Jesus loved them, as he loves us. His interest in doing miracles was only to end their suffering, and open up the door for people to see that he could do something much greater for them. So he took the blame for the great crimes and petty sins we have committed. He shouldered the guilt for the sins of the world. He allowed the misguided authorities of his day to deprive him of his freedom, his dignity, justice, and, ultimately, his life on the cross. There was no “What about me or my rights? Don’t I matter?” Why? He loved us, and this was the only way to secure forgiveness for our sins and save us from hell. John later writes, “This is love: not that we loved God, but that he loved us and sent his Son as an atoning sacrifice for our sins.”

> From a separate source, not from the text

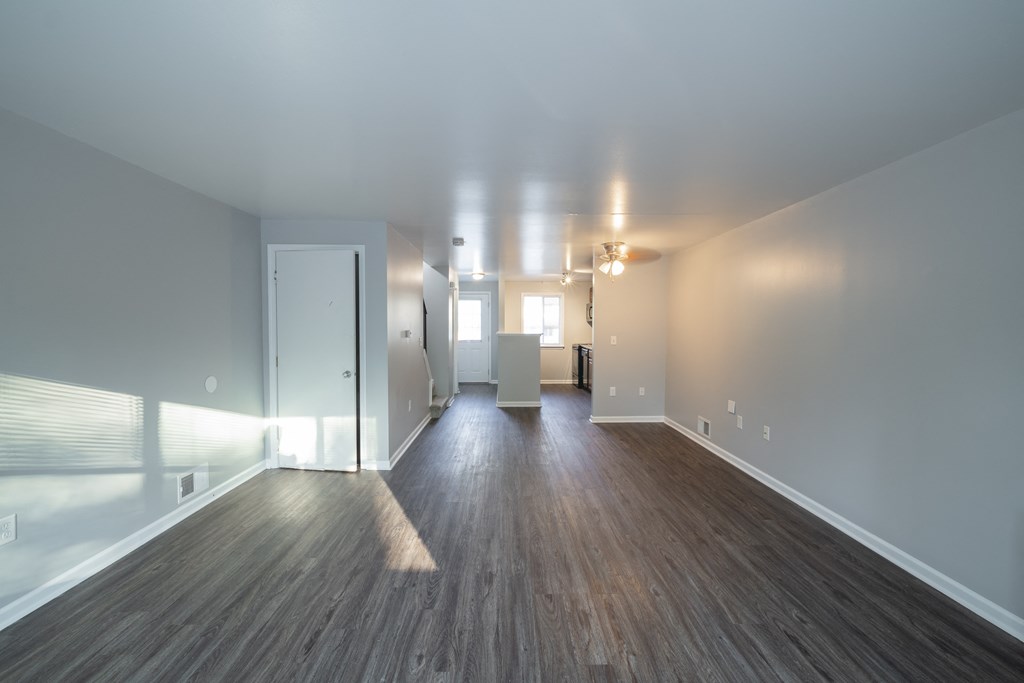 a living room and dining room with wood floors and white walls at Willowbrooke Apartments, New York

When that kind of love was combined with the miraculous ability to speak in other languages by the people of Corinth, when it is still combined with a voice that sings sweetly or speaks eloquently, God’s people are served. One who can speak in another language uses it to evangelize those who speak it naturally. Those who sing do so to glorify God, not themselves. The gospel, the saving Word of God, is delivered to hearts and minds in a way people can understand and will remember. Jesus becomes greater. We, the messengers, become less. Faith grows. Salvation spreads. More than miracles, love is the most excellent way.

But when I have not love? “I am only a resounding gong or a clanging cymbal.” When all I do is draw attention to myself, it’s just noise. No one is served. Silence would be preferable. Love, the most excellent way, makes all the difference.